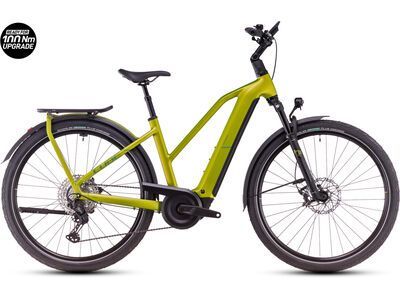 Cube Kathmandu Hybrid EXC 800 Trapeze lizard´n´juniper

* * *

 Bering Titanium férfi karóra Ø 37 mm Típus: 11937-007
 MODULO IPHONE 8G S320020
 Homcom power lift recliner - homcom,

#### [Task details]
From the material above, set down exactly the lines between the line holding "MODULO IPHONE 8G S320020" and the line holding "Homcom power lift", inclusive. Include nothing else.

#### [Exercise result]
 MODULO IPHONE 8G S320020
 Homcom power lift recliner - homcom,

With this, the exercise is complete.